▸ **WORK REQUEST**: Beginning with the line containing "Iran War: Trump" and ending at the last line of the records, transcribe each line exactly. Do not include pictures.

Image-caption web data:
● ● ● ● ●
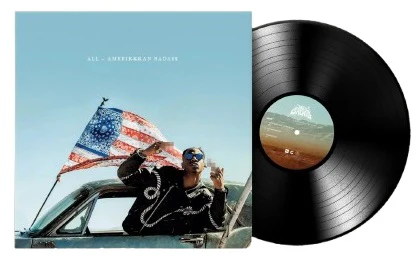 JOEY BADA$$, ALL-AMERIKKKAN BADA$$ (Cinematic Music Group; CNMTLP2550, Europe 2026 Reissue, Gatefold, Double vinyl in a four-panel gatefold jacket) 2xLP NEW/NEW - Image 2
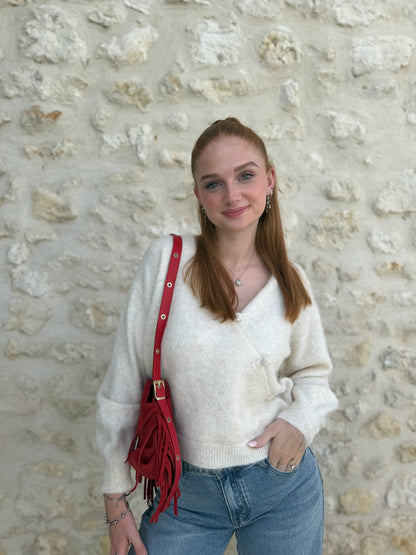 Gilet COSY beige
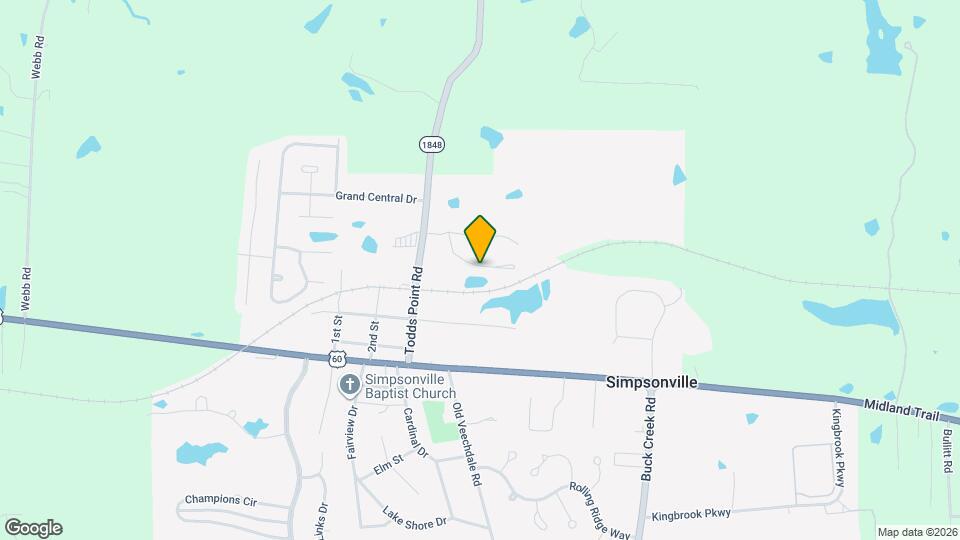 829 Garden Pointe Dr Map and Location Details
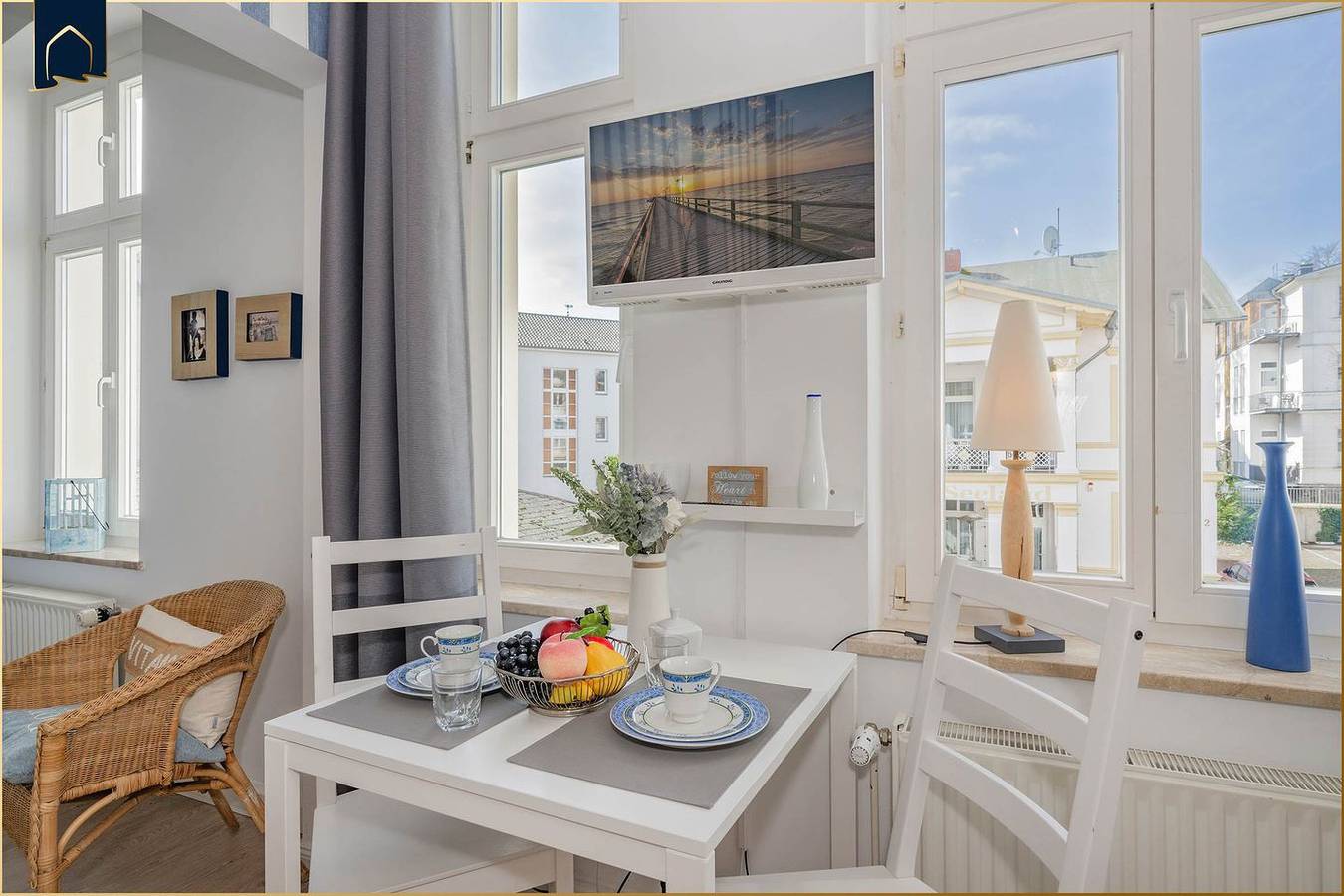 Ganze Wohnung, Moderne Ferienwohnung in Heringsdorf in Strandnähe mit Parkplatz in Seebad Heringsdorf, Heringsdorf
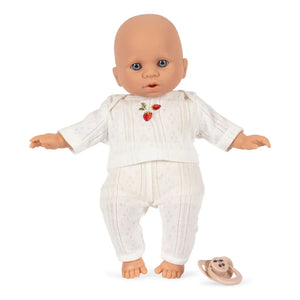 Konges Sløjd - Konges Slojd x Smallable Exclusive - Coco Baby and Stroller | Ecru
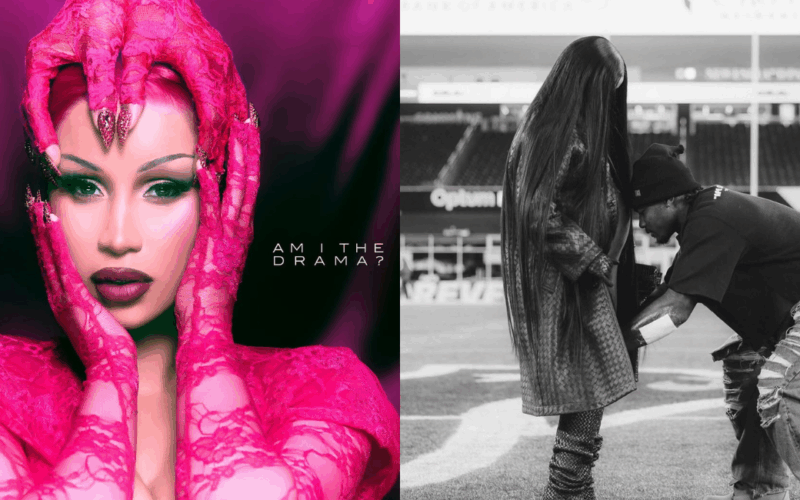 Cardi B welcomes baby boy with boyfriend Stefon Diggs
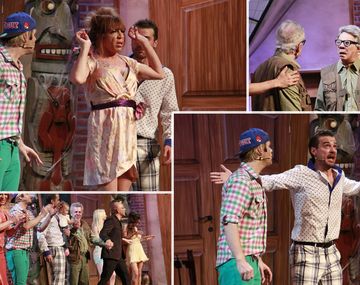 El debut de Pedro Alfonso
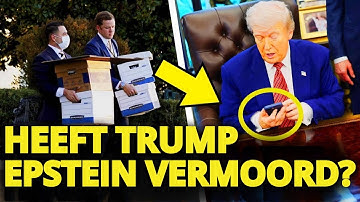 VERRADEN EN IN PANIEK — TRUMP verwachtte deze EPSTEIN-LEK niet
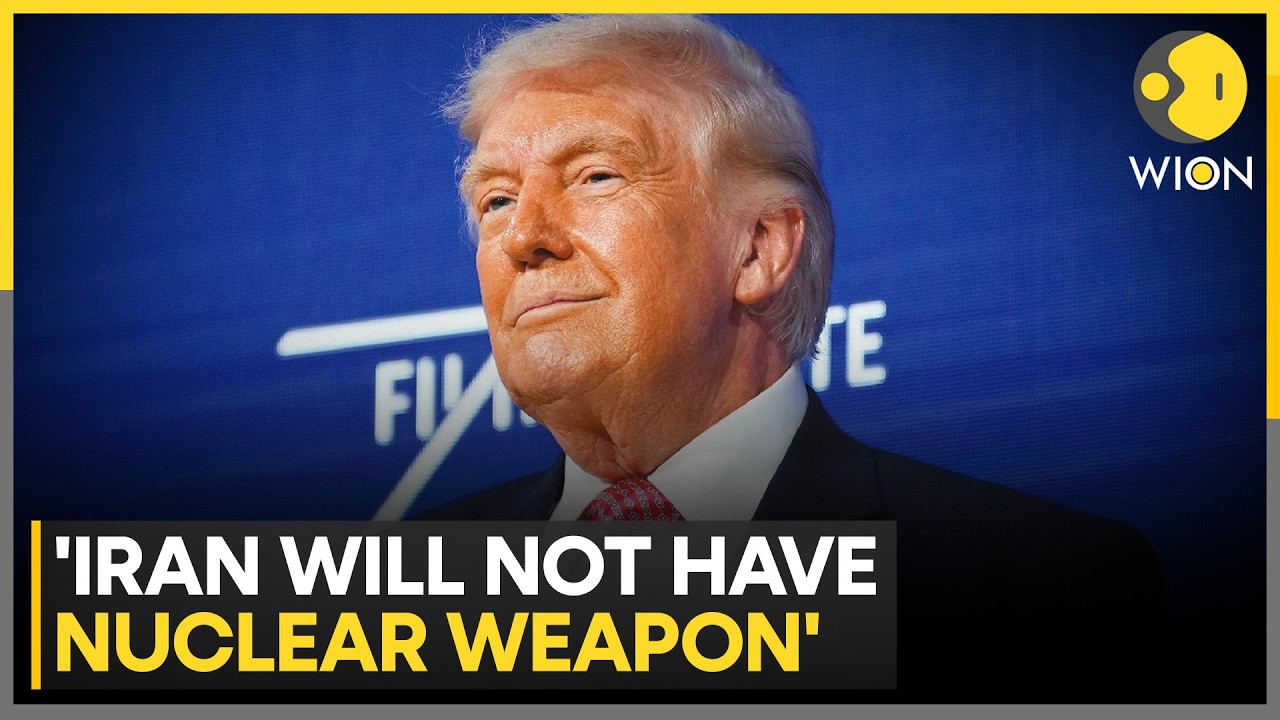 Iran War: Trump Claims Iran Has No Nuclear Ambitions, Says 'Regime Change Done' | WION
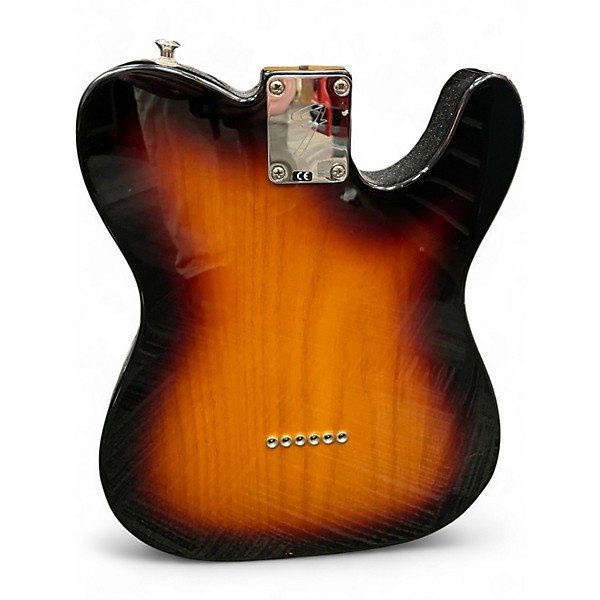 Used Fender Player Telecaster 2 Tone Sunburst Solid Body Electric Guitar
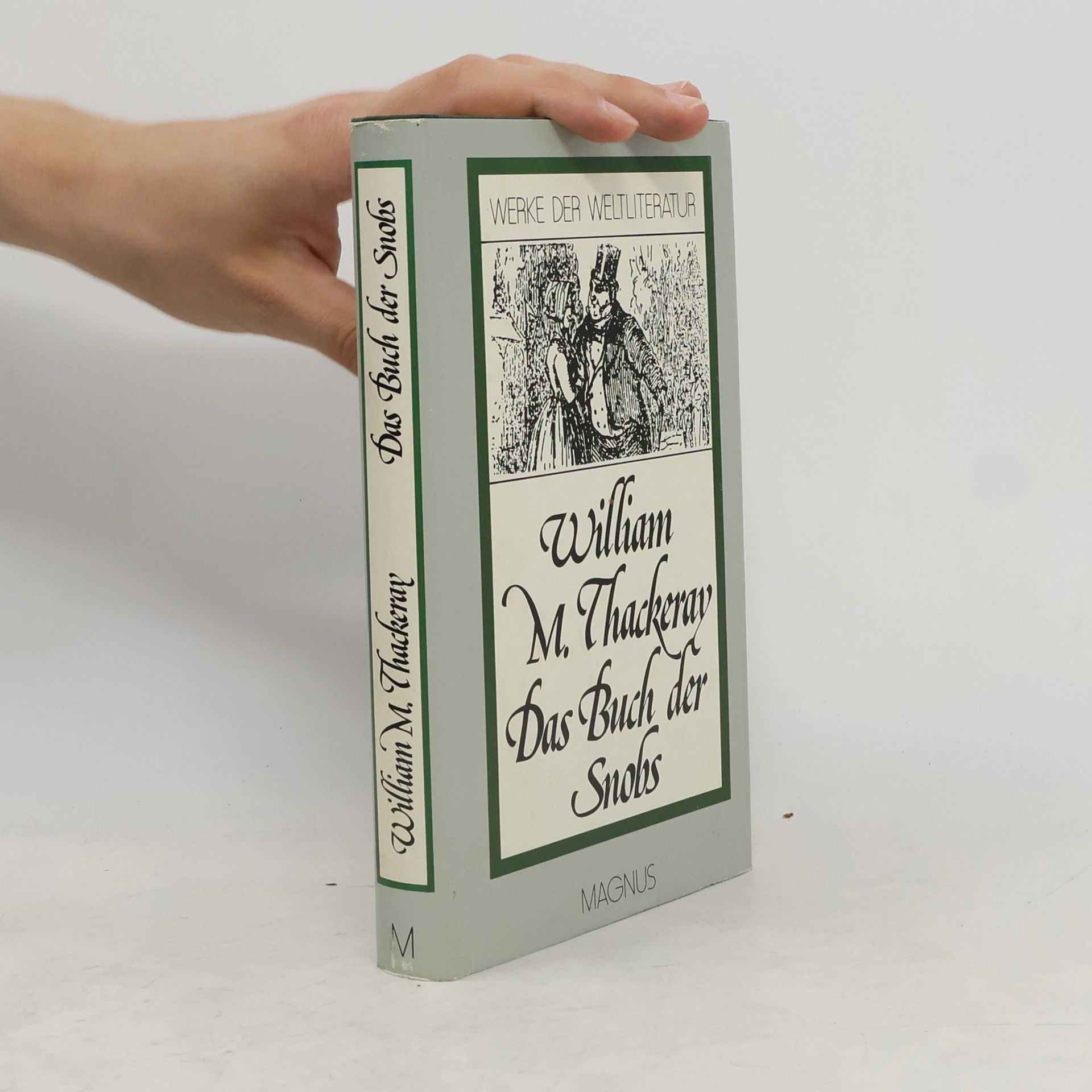 Thackeray William Makepeace Das Buch der Snobs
● ● ● ● ●
▸ **TASK RESULT**:
 Iran War: Trump Claims Iran Has No Nuclear Ambitions, Says 'Regime Change Done' | WION
 Used Fender Player Telecaster 2 Tone Sunburst Solid Body Electric Guitar
 Thackeray William Makepeace Das Buch der Snobs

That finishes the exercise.